Although Latin America as a whole is described as a „Catholic continent“, in fact Uruguay, the second smallest country in Latin America, actually has a long secular history behind it. In the 19th century all public expression of religion was banned, banished to the private sphere, and the secularist government of the day engaged in numerous deliberate provocations against the Catholic Church. For example, on Good Friday of all days – for Catholics a day of strict fasting and abstinence – the government would deliberately offer free barbecues for all the population.
Ever since 1917 there has been a strict separation of Church and State, formally enshrined in the Constitution. No religious festivals are acknowledged in the public calendar. So it is not surprising that not even half the population of 3.3 million people declare themselves Catholics today.
Uruguay: not even half the population of 3.3 million people declare themselves Catholics today.
As a result, the Church struggles to maintain itself without outside support. The statutory requirements imposed by the state for the maintenance of Church properties are extremely high. Meanwhile, most priests live on the bare minimum. Consequently, your Mass stipends are of enormous help to them.
The diocese of Tacuarembo lies in the northern-central part of the country and covers an area of around 24,000 km². It has 20 priests, who minister to around 100,000 Catholic faithful in 16 far-flung parishes with a total of 85 churches and chapels and a number of different charitable institutions as well. The area is sparsely inhabited and the faithful live widely dispersed.
Uruguay: Mass stipends for 20 priests in Tacuarembo.

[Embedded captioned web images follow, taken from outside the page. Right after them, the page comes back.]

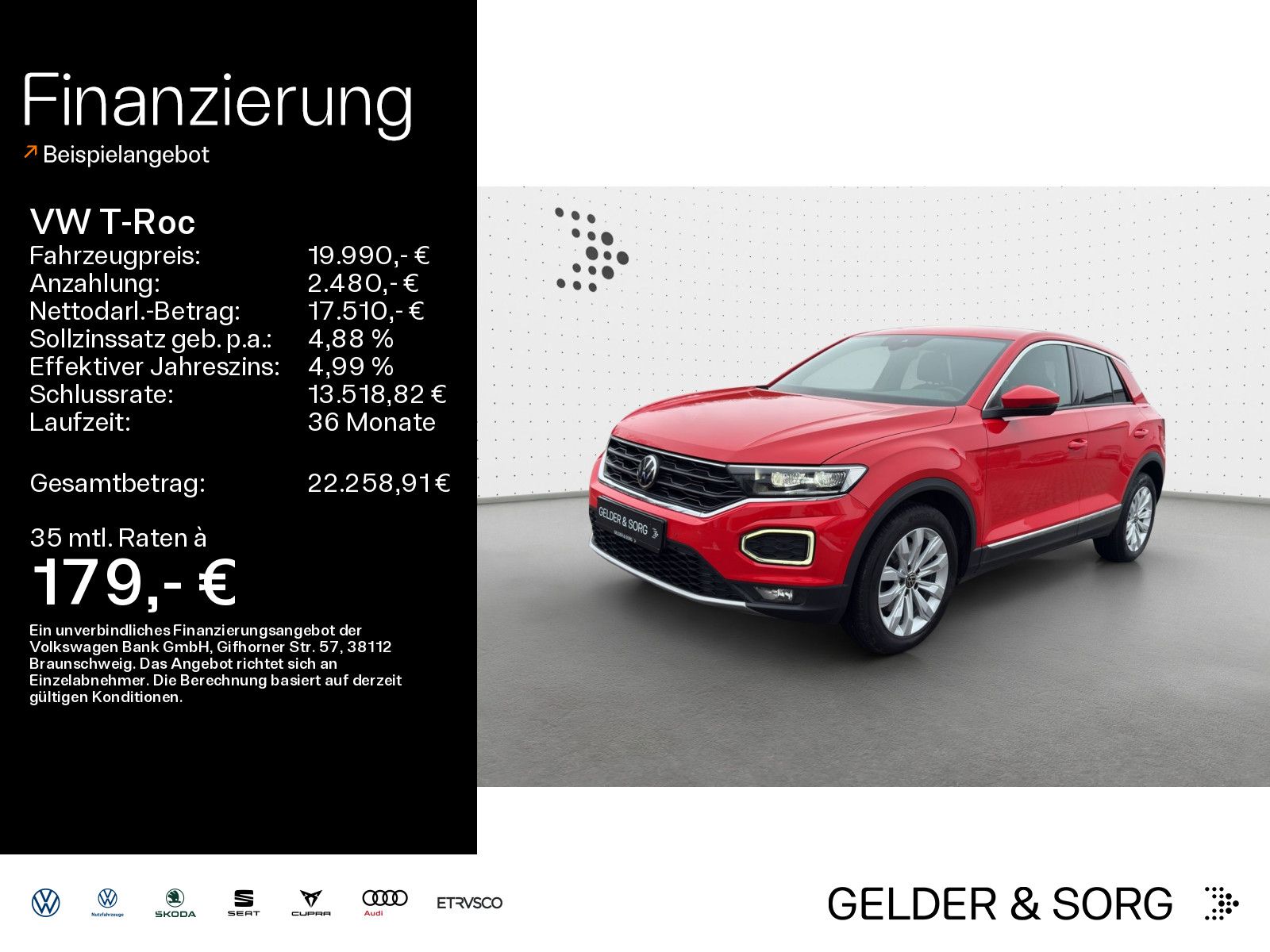 Volkswagen T-Roc Sport 2.0 TDI AHK*LED*Navi*DAB+*ACC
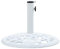 vidaXL Base de Sombrilla, Soporte de Parasol, Pie de Sombrilla, Base para Jardín Patio Terraza Piscina Playa, Hierro Fundido Blanco 12 kg 48 cm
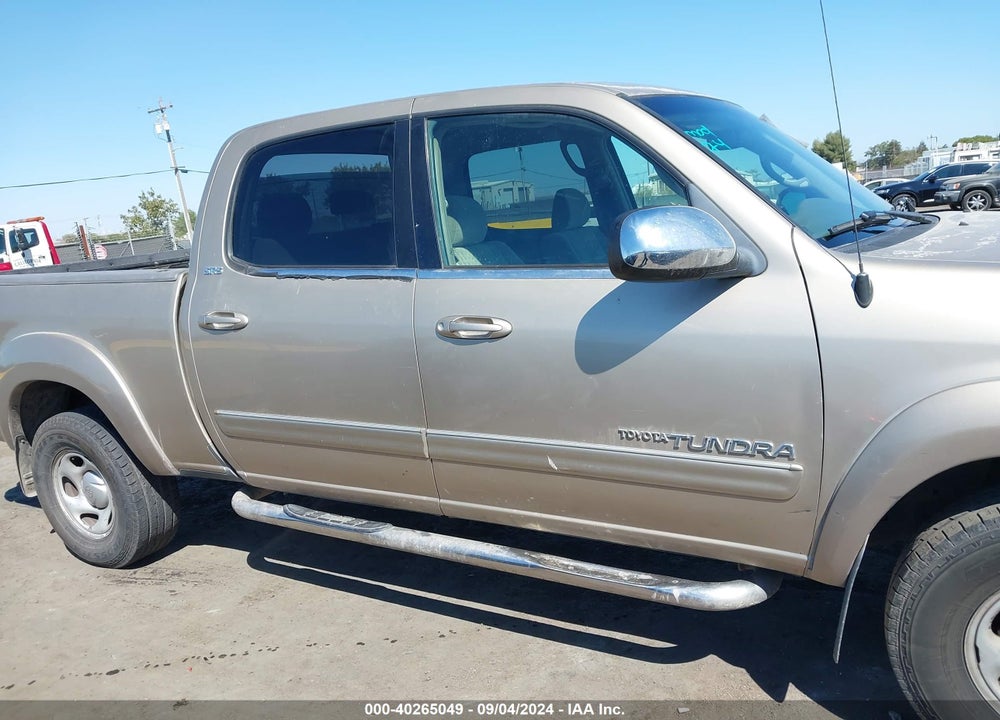 2005 TOYOTA TUNDRA SR5 V8 VIN: 5TBET34155S479210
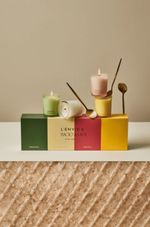 Kit 4 Mini Velas Perfumadas Bacio di Latte 70g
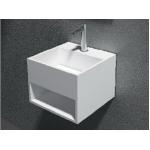 Artificial Stone Wall Hung Wash Hand Basin For Bathroom Vanity Top for sale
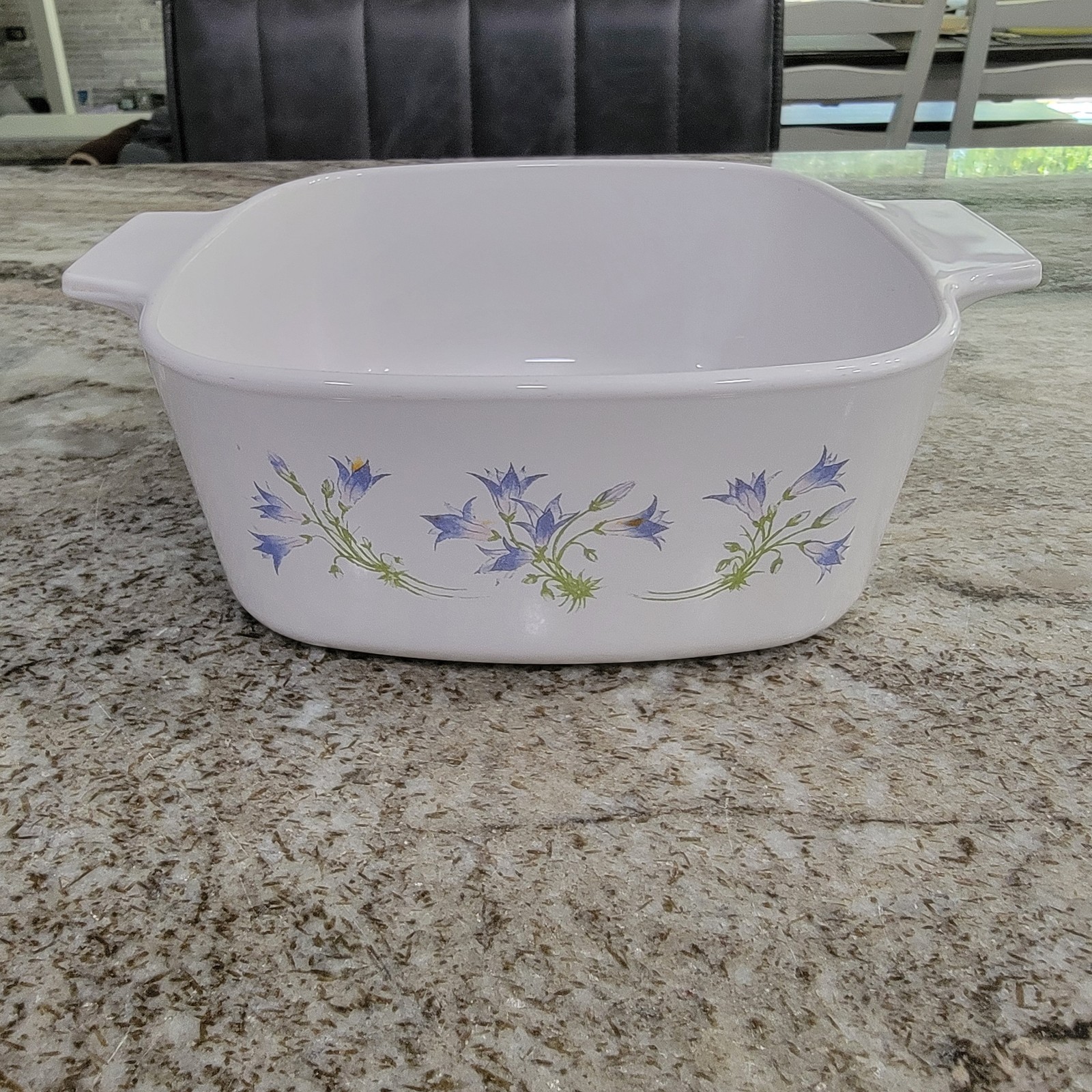 Vintage Corning Ware Blue Dusk A-1.5L 1.5 Liter Casserole Dish Bluebells No Lid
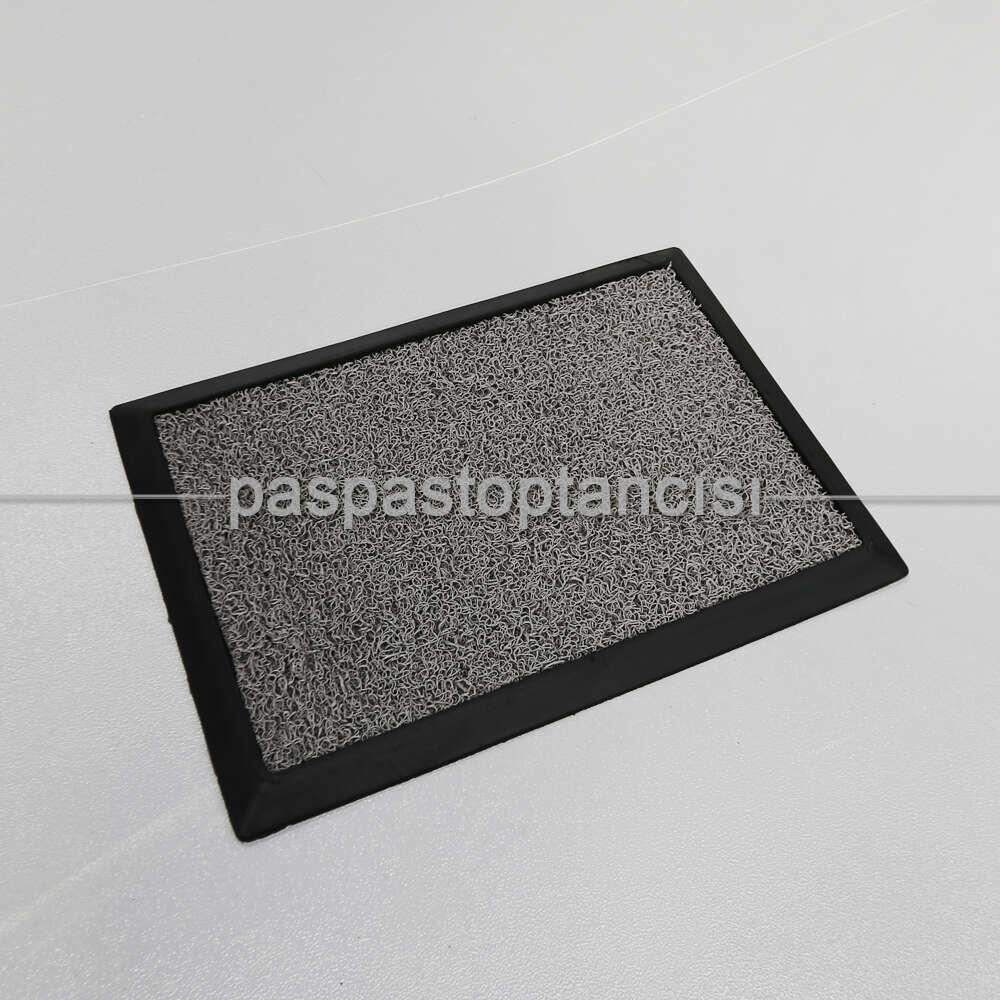 Gri Kıvırcık Paspaslı Kauçuk Hijyen Paspas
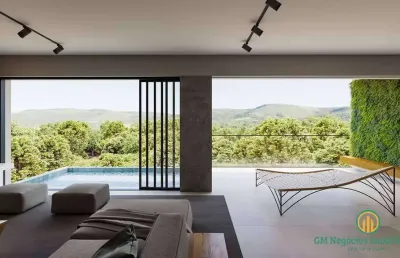 Casa com 4 suítes zero km! moderna, integrada, linda vista!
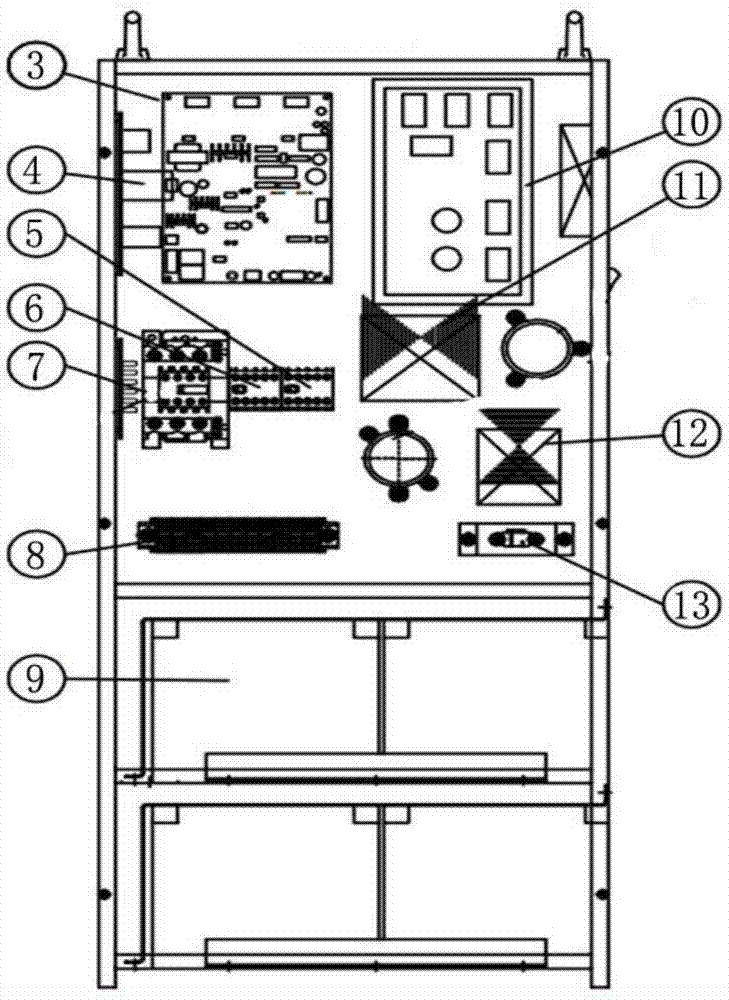 一种HGP停电电源柜的制作方法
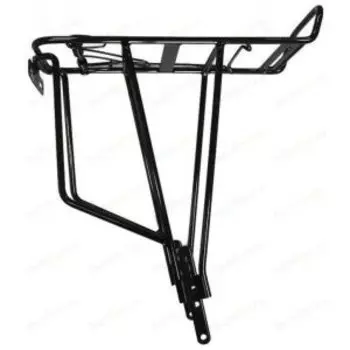 Багажник велосипедный STARK 24-28", алюминий 8мм трубы, с прижимом, черный, CKA-13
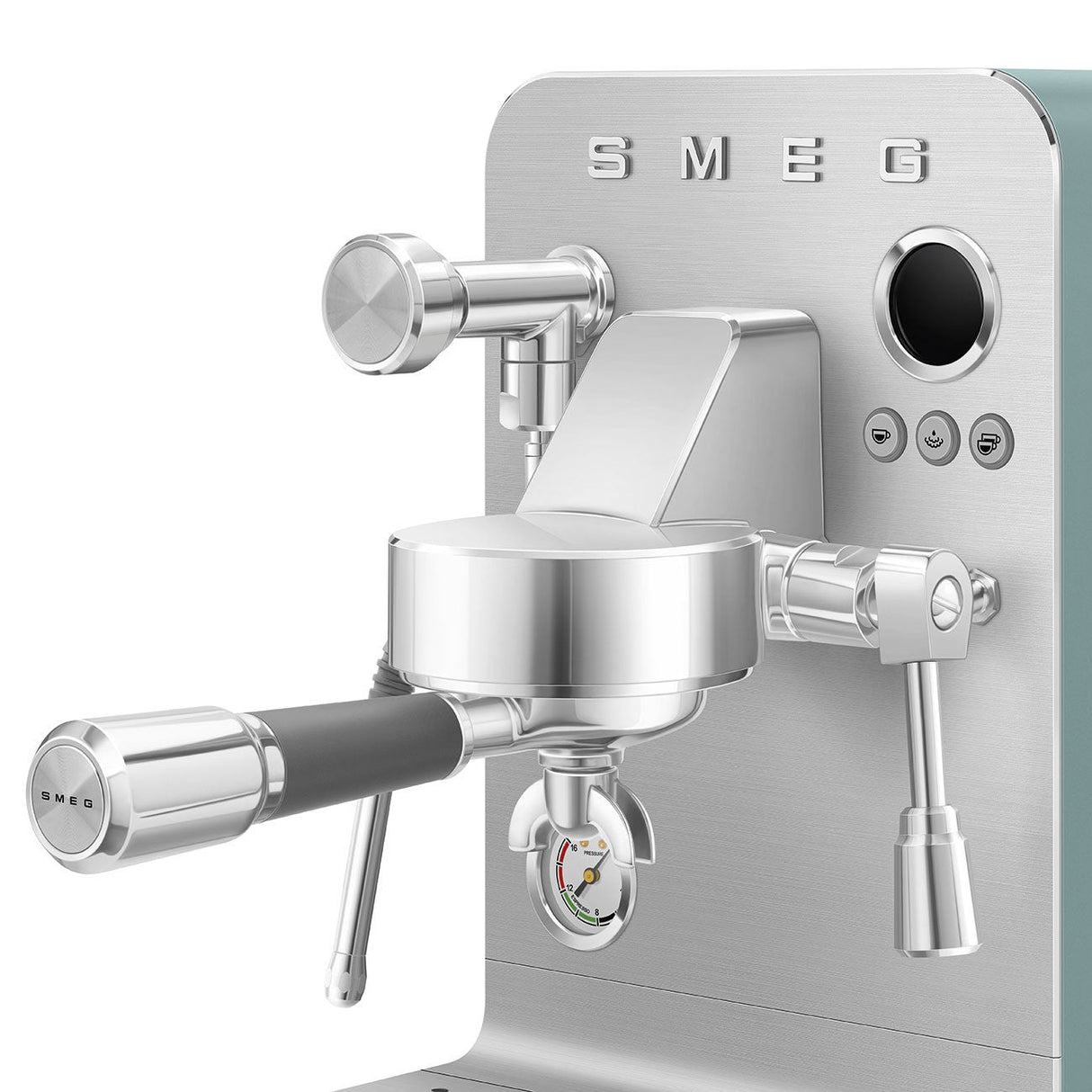 Smeg Espresso Coffee Machine Collection Emerald Green Emc02egmeu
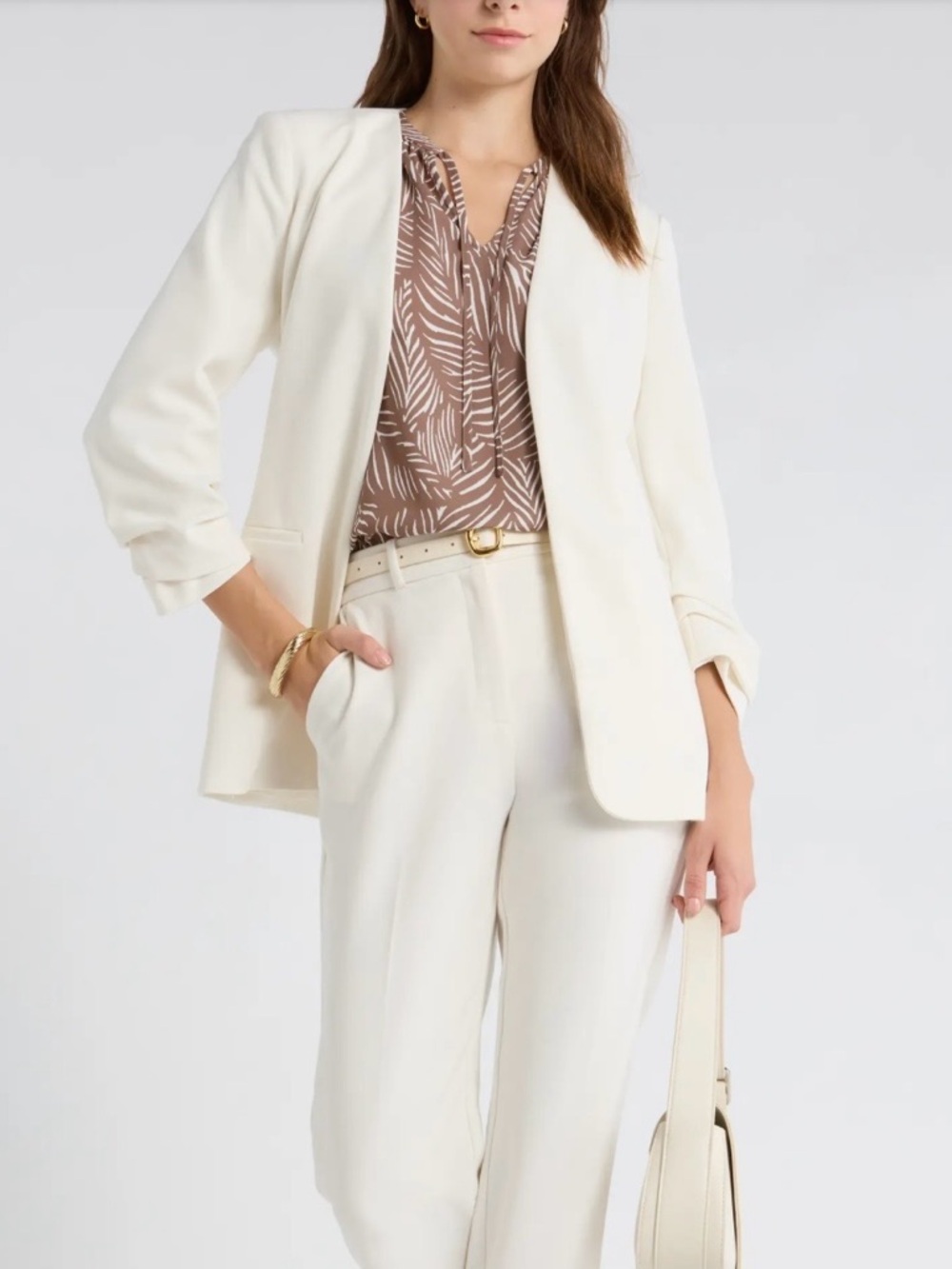 H&M | Cinched Sleeve Blazer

We are therefore planning to help these 20 priests with Mass stipends, to a total value of 11,980 Euros. This works out at just 600 Euros per priest for an entire year. These priests will celebrate these Holy Masses for the intentions of those benefactors who have given them.
The Church is under attack around the world. Internal scandals are damaging her credibility. Numbers of priests and religious are falling in Latin America, as elsewhere. Yet at this very time in one of the most anti-Christian countries on the continent, one particular community shines forth like a beacon for the future. They are the Discalced Carmelite Sisters in Florida, Uruguay.
There are twelve Sisters, eight permanently professed, two with temporary vows and two novices. They are young, and other young women are also seeking admission to the convent. Each has her own story to tell, of how God called her, tenderly but clearly, invisibly but unmistakably, quietly but insistently. Each of them could make her own the words of the disciples on the road to Emmaus. “Did not our hearts burn within us as he spoke to us…” (Cf. Lk 24:32). Sister María was just 16 when, in 2013 while on pilgrimage, she first recognised the urging in her heart. “You have given me everything, Lord, and I want to give everything to you.” This was her prayer, even without knowing exactly what God wanted of her.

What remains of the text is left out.